→ Data excerpts
*** Begin section ***

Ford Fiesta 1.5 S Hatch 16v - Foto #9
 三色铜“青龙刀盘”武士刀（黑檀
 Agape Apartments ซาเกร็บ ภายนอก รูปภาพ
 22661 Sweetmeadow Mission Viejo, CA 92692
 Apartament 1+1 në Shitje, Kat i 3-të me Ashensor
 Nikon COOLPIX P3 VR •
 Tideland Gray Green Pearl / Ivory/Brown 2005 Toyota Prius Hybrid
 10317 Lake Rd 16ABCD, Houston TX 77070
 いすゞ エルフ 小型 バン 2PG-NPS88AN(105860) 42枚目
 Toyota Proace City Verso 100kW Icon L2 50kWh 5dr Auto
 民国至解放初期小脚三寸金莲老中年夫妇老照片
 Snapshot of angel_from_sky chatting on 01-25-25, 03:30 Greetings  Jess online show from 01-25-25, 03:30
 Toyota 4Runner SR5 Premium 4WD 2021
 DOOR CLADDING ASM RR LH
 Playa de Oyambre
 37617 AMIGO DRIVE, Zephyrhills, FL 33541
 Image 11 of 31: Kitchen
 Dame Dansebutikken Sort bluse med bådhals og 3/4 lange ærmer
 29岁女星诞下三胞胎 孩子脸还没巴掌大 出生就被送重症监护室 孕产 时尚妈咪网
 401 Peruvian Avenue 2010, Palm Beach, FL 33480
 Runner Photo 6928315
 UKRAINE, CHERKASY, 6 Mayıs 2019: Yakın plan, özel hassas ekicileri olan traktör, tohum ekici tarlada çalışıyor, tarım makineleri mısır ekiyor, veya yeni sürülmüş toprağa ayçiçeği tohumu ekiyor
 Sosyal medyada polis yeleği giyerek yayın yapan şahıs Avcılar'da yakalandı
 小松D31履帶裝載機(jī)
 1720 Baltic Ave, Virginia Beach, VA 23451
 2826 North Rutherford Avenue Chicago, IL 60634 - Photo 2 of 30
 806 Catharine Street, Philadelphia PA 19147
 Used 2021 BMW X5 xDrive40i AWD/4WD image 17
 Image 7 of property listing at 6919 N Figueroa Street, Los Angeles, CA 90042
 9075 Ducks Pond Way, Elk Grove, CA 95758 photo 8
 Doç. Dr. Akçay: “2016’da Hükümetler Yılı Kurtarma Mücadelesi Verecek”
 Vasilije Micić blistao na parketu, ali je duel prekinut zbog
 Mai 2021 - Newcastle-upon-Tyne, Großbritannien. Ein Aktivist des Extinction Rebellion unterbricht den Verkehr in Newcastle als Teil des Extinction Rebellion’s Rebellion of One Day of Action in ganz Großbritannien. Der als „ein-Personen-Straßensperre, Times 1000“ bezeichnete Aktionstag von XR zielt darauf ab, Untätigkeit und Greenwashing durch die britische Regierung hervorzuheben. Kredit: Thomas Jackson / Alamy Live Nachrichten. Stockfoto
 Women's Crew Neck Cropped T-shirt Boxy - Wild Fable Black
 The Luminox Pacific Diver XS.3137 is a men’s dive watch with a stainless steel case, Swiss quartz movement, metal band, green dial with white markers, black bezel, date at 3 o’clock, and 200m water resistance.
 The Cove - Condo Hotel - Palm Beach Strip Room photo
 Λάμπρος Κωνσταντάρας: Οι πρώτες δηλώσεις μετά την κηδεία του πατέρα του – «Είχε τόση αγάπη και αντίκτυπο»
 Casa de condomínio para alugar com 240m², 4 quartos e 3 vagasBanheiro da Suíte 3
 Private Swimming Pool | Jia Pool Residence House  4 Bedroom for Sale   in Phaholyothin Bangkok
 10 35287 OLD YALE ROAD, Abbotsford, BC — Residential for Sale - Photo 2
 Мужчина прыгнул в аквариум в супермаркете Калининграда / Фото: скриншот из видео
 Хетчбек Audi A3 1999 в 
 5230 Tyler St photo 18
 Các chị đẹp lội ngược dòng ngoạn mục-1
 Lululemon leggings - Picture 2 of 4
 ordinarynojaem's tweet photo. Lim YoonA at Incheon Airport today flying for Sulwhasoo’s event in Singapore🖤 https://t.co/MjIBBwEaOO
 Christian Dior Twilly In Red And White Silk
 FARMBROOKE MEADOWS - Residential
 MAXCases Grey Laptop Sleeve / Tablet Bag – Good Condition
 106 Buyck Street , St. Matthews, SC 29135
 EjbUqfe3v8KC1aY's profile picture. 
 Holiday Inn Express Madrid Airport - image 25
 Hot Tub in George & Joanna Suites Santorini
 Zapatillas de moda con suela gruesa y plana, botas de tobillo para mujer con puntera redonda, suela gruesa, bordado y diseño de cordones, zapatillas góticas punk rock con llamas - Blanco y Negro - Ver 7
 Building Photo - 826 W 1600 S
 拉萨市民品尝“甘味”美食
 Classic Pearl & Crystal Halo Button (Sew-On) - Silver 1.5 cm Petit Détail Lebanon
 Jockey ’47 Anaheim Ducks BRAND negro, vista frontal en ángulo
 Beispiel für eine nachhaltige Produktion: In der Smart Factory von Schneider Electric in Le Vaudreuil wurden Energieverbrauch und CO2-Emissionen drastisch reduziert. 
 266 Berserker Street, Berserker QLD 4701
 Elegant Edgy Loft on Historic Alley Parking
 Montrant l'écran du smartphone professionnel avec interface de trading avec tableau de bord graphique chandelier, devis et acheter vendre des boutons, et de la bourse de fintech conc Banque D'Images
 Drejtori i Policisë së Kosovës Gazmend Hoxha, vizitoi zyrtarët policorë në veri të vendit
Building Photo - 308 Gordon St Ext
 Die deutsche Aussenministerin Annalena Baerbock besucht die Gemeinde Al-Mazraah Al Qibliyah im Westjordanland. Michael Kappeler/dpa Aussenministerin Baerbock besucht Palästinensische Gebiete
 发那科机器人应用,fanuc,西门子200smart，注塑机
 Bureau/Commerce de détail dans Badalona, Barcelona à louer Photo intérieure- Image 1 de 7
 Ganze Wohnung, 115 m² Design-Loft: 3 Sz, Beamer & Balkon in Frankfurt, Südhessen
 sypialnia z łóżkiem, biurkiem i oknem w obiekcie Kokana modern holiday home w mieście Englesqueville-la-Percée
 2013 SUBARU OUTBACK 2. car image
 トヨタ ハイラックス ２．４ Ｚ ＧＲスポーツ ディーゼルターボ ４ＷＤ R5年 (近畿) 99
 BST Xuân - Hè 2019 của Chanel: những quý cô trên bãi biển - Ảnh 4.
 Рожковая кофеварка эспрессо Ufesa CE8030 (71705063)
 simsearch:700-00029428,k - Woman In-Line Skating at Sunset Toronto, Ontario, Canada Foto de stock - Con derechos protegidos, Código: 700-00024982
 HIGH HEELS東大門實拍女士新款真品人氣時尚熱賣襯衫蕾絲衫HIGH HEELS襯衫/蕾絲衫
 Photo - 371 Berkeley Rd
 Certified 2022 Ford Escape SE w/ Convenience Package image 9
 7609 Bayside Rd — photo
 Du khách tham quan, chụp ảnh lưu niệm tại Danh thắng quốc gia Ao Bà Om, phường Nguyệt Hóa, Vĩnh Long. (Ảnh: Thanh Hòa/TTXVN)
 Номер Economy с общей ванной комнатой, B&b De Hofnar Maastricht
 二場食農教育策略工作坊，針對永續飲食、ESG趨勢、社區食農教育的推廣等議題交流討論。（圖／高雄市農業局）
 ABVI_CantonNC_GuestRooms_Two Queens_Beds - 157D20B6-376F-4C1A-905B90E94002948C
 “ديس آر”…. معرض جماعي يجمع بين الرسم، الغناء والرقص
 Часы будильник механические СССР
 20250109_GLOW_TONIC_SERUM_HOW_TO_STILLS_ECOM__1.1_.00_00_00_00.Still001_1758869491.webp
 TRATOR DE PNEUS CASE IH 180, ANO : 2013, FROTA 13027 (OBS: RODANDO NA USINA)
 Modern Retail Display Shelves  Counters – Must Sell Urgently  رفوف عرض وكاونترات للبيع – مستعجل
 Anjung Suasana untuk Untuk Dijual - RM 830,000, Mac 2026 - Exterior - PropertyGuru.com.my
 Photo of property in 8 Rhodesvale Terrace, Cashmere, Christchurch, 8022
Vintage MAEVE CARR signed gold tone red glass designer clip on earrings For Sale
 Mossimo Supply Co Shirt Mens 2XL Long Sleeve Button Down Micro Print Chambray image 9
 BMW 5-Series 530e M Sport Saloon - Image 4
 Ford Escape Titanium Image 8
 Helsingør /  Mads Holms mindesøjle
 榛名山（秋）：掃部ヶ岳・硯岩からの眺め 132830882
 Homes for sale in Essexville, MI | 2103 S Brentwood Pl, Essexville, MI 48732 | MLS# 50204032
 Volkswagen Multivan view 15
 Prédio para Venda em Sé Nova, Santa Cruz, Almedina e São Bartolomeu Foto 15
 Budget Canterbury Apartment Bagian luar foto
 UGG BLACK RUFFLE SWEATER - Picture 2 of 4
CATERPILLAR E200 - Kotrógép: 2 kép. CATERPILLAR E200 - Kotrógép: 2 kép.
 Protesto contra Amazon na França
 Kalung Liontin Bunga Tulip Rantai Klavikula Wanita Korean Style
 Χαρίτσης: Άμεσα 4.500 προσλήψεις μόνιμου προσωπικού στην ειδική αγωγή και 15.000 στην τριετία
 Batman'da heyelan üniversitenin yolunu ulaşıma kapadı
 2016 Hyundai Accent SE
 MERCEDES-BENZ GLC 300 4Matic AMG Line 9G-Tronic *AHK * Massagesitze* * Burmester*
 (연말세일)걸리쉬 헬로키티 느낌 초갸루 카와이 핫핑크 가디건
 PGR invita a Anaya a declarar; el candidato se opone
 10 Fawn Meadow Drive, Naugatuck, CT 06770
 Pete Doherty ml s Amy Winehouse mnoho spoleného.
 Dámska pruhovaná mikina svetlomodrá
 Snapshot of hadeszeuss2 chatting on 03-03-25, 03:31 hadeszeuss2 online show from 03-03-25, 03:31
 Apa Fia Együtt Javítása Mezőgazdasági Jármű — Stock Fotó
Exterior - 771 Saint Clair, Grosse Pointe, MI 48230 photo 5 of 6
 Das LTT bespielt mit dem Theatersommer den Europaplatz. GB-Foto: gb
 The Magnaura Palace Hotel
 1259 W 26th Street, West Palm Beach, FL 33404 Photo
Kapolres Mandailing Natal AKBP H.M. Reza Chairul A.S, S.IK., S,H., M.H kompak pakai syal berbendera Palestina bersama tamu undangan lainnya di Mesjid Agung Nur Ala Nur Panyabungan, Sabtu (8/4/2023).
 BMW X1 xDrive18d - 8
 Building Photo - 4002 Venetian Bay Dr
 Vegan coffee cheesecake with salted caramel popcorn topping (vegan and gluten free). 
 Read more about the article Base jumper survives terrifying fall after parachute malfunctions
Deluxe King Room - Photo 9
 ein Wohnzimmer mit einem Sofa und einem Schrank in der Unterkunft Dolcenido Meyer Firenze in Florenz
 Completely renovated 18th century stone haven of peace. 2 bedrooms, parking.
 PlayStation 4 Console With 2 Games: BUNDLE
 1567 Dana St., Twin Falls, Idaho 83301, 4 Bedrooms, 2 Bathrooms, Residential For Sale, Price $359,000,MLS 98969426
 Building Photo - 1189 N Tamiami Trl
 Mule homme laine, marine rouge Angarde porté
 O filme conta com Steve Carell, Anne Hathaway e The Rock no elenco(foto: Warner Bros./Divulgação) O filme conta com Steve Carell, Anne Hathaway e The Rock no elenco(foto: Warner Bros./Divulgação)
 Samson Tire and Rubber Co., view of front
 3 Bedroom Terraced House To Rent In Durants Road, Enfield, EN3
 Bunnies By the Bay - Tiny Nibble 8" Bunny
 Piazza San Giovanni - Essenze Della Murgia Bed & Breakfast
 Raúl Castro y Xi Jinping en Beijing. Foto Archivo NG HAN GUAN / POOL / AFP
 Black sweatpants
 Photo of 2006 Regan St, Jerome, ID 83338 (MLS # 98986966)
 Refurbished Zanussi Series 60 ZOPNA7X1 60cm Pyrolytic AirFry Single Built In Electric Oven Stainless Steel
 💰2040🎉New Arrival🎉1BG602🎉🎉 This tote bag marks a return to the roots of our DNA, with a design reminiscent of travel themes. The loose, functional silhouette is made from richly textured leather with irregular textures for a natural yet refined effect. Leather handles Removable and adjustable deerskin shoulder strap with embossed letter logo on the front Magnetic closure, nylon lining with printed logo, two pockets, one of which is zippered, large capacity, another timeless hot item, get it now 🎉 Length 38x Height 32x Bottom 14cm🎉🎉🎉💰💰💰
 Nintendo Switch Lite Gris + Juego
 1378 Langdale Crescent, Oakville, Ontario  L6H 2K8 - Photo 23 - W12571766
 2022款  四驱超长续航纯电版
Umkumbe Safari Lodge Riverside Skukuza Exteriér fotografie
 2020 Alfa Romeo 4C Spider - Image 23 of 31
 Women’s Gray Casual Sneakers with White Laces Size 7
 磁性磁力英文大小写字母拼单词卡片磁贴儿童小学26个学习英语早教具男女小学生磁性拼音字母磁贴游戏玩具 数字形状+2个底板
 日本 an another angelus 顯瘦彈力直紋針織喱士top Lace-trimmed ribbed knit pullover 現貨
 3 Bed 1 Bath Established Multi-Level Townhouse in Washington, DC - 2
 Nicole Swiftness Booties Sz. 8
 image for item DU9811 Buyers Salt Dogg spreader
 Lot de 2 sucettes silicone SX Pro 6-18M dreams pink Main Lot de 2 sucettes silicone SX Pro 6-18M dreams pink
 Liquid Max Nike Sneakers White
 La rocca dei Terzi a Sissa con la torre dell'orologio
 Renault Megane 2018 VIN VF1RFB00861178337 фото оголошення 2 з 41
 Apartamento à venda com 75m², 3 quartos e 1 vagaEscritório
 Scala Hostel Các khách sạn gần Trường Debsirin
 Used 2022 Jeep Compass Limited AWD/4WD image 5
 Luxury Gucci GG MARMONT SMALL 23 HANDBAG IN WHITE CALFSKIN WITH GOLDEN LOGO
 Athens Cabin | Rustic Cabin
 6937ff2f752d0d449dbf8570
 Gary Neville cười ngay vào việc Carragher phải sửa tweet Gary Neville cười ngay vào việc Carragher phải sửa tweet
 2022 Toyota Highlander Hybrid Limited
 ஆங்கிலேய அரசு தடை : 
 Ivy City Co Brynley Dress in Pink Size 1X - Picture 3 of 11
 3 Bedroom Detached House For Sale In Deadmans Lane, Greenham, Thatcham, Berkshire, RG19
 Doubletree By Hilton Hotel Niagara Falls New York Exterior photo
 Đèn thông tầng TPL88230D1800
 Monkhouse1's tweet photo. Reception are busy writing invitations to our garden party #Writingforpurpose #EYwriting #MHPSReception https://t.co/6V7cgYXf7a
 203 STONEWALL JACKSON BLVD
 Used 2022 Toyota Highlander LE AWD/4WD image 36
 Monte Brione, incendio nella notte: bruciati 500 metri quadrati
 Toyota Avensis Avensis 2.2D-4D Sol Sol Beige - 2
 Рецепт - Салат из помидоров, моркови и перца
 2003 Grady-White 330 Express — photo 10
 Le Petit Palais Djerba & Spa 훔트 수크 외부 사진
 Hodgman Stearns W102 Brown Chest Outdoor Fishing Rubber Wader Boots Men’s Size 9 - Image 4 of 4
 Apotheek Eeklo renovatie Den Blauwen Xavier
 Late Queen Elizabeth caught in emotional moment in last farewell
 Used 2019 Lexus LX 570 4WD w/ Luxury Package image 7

*** End section ***

→ AIM OF THE TASK
Scan the entries above for the string "Palm" and copy each line that contains it.

→ FINISHED EXERCISE
 401 Peruvian Avenue 2010, Palm Beach, FL 33480
 The Cove - Condo Hotel - Palm Beach Strip Room photo
 1259 W 26th Street, West Palm Beach, FL 33404 Photo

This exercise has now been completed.